The rest glanced around in our direction, and Mrs. Leyland laughed mischievously. "If any of you are really interested, my friend here, who came in so quietly, would, I dare say, answer your questions. Let me present you, Rancher Ormesby."
I bowed as, endeavoring to remember the names that followed, I moved towards the chair beside her when she beckoned. It lay full in the light, and I noticed blank surprise in the faces turned towards me. Beatrice Haldane dropped the album, and for some reason the clear rose color surged upwards from her sister's neck. I stooped to recover the book, which lay open, and then stared at it with astonishment and indignation, for the face of the man standing beside a weary team, waist-deep in the tall grass of a slough, was unmistakably my own. I had forgotten the click of the camera shutter that hot morning.
"It was hardly fair of my hostess not to warn me, and this print was published without my knowledge or consent," I said. "Still, it shows how we earn a living in my country, and I can really tell you little more. We resemble most other people in that we chiefly exert ourselves under pressure of necessity—and one would prefer to forget that fact during a brief holiday."
The listeners either smiled or nodded good-humoredly and it was Lucille Haldane who held out her hand to me, while her elder sister returned my salutation with a civility which was distinct from cordiality. How Mrs. Leyland changed the situation I do not remember, nor how, when some of the party were inspecting fire-flies in the grasses by the lake, I found myself beside Beatrice Haldane at the end of the veranda. I had schooled myself in preparation for a possible meeting, but she looked so beautiful with the moonlight on her that I spoke rashly.
"We parted good friends—but no one could have hoped you felt the slightest pleasure at the present meeting."
"Frankness is sometimes irksome to both speaker and listener," said the girl, turning her dark eyes upon me steadily. "Can you not be satisfied with the possibility of your being mistaken?"
"No," I answered doggedly, and she smiled. "Then suppose one admitted you had surmised correctly?"

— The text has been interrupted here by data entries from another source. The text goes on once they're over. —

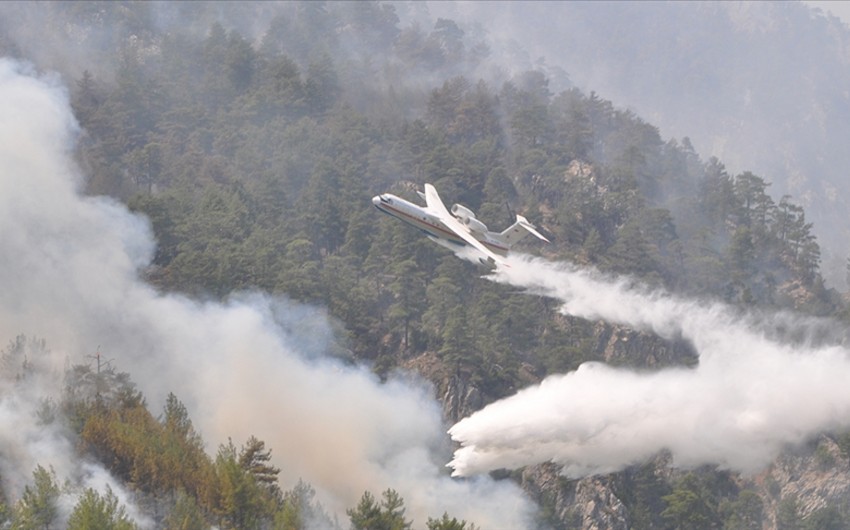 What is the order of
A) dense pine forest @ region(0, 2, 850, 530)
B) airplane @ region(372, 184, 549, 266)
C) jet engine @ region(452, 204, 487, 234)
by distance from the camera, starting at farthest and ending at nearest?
jet engine @ region(452, 204, 487, 234), airplane @ region(372, 184, 549, 266), dense pine forest @ region(0, 2, 850, 530)

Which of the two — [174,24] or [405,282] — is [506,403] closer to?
[405,282]

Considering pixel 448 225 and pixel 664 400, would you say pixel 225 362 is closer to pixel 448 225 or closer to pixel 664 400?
pixel 448 225

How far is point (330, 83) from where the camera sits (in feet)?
482

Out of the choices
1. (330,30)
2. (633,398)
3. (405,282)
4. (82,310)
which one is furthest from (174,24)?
(633,398)

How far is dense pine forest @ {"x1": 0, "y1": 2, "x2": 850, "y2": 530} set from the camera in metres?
75.2

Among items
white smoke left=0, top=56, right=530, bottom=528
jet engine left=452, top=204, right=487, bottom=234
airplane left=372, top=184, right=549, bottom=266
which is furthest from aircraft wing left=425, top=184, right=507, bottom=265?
white smoke left=0, top=56, right=530, bottom=528

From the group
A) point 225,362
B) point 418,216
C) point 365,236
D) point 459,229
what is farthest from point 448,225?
point 365,236

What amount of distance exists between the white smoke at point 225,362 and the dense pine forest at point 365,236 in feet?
5.43

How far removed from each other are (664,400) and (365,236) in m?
30.7

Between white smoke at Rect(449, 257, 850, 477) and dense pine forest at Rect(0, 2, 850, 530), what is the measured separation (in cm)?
326

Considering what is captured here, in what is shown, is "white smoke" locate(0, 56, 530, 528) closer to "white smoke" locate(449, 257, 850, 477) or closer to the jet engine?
"white smoke" locate(449, 257, 850, 477)

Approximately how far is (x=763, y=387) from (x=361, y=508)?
123ft

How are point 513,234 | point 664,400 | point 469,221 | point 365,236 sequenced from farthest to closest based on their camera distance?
point 365,236 < point 664,400 < point 513,234 < point 469,221

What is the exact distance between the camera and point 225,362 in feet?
286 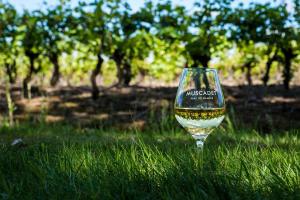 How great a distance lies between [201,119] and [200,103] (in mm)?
85

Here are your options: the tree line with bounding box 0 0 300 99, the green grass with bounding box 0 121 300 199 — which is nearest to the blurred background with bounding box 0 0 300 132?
the tree line with bounding box 0 0 300 99

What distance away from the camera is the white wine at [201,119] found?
212cm

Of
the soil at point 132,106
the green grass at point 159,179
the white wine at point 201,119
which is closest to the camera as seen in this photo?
the green grass at point 159,179

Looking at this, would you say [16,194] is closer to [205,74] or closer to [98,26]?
[205,74]

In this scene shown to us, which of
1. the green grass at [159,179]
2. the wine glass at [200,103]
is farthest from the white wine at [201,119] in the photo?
the green grass at [159,179]

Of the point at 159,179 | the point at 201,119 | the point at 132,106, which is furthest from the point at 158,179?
the point at 132,106

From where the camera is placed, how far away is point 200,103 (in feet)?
7.09

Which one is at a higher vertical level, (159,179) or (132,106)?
(159,179)

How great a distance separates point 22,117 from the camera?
8.23 metres

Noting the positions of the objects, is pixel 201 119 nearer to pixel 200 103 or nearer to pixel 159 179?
pixel 200 103

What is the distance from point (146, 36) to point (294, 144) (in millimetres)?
5332

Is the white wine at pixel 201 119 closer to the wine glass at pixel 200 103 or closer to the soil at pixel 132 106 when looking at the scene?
the wine glass at pixel 200 103

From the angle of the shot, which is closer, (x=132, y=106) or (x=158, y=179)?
(x=158, y=179)

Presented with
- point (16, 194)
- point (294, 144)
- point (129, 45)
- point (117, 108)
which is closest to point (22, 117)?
point (117, 108) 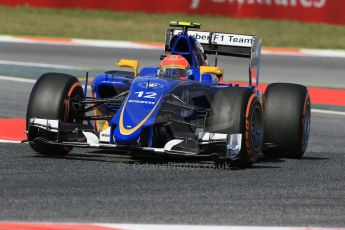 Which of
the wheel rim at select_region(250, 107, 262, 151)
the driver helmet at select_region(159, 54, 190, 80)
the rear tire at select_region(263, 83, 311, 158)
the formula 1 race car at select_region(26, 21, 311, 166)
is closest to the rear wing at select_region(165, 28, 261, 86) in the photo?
the formula 1 race car at select_region(26, 21, 311, 166)

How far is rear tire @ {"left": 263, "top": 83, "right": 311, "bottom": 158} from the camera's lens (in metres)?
11.1

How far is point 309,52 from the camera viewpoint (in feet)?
74.6

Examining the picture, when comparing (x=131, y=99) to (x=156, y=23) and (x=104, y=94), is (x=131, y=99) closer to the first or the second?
(x=104, y=94)

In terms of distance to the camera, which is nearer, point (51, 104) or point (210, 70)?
point (51, 104)

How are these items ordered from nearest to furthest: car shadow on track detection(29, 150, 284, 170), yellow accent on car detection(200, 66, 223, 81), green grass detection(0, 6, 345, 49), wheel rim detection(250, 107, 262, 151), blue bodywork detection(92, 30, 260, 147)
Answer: blue bodywork detection(92, 30, 260, 147) < car shadow on track detection(29, 150, 284, 170) < wheel rim detection(250, 107, 262, 151) < yellow accent on car detection(200, 66, 223, 81) < green grass detection(0, 6, 345, 49)

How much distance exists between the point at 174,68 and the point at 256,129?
3.50ft

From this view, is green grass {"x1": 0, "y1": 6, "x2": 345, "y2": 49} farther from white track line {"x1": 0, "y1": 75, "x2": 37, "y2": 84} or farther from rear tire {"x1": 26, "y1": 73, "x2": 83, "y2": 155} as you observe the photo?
rear tire {"x1": 26, "y1": 73, "x2": 83, "y2": 155}

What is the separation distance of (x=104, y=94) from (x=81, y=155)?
86 cm

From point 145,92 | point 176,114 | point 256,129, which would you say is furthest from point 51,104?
point 256,129

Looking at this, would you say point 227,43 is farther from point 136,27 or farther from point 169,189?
point 136,27

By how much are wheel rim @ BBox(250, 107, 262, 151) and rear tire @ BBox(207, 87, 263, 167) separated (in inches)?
2.1

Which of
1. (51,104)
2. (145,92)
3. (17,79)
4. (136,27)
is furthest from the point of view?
(136,27)

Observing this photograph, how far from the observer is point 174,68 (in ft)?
35.8

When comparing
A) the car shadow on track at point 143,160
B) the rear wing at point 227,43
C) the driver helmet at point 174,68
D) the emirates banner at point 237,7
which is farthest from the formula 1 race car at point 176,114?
the emirates banner at point 237,7
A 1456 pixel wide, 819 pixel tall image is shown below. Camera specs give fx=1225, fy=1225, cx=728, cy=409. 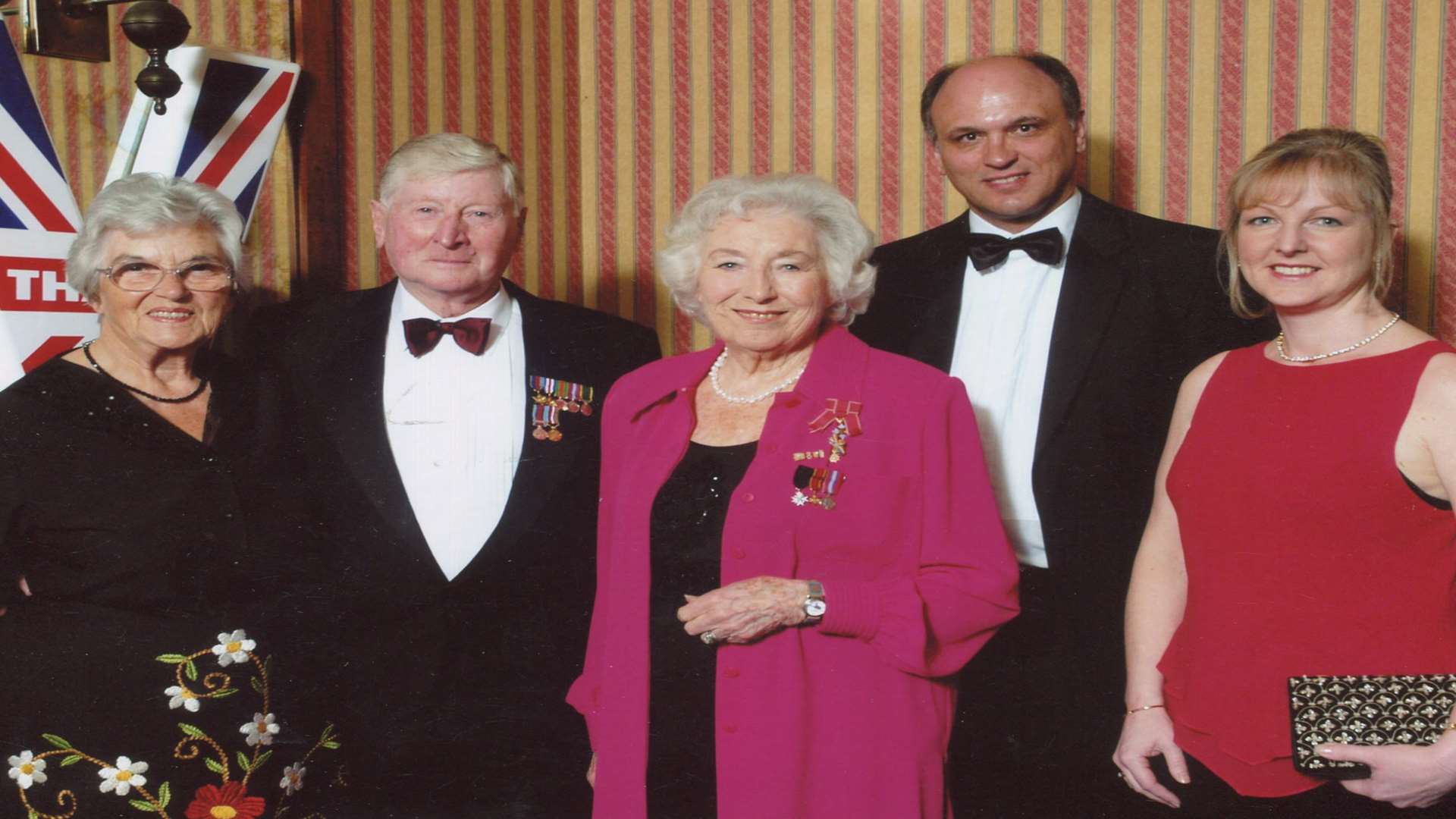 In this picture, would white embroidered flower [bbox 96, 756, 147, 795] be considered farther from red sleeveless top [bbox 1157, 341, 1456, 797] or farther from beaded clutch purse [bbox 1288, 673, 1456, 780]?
beaded clutch purse [bbox 1288, 673, 1456, 780]

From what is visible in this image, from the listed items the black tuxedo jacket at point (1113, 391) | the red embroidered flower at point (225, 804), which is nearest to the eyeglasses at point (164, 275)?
the red embroidered flower at point (225, 804)

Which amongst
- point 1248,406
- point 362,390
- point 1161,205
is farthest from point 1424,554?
point 362,390

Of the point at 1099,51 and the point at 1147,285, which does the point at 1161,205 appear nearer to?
the point at 1099,51

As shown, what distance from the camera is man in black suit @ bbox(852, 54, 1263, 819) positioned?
2.49 m

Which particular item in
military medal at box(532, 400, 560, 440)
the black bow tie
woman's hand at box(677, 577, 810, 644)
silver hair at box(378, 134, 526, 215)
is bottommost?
woman's hand at box(677, 577, 810, 644)

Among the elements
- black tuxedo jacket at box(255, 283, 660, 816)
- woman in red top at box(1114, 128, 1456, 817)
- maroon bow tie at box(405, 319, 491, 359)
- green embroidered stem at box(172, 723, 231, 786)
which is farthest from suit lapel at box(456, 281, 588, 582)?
woman in red top at box(1114, 128, 1456, 817)

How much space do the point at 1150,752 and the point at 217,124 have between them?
7.43 ft

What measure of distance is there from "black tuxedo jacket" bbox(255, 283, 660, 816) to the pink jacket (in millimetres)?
549

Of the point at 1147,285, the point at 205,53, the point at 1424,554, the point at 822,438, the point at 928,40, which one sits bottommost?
the point at 1424,554

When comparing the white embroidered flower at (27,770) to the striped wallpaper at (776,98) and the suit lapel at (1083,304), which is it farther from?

"I should ask the cause," and Beatrice Haldane, saying nothing, looked a warning, which, being filled with an insane bitterness, I would not take. "It would hurt me to conclude that those you honored with your friendship on the prairie would be less welcome here."
She raised her head a little with the Haldane's pride, which, though never paraded, was unmistakable. "You should have learned to know us better. Neither your prosperity nor the reverse would have made any difference."
"Then is there no explanation?" I asked, forgetting everything under the strain of the moment; and it was evident that Beatrice Haldane shared her sister's courage, for, though there was a darker spot in the center of her cheek she answered steadily: "There is. We are disappointed in you, Rancher Ormesby."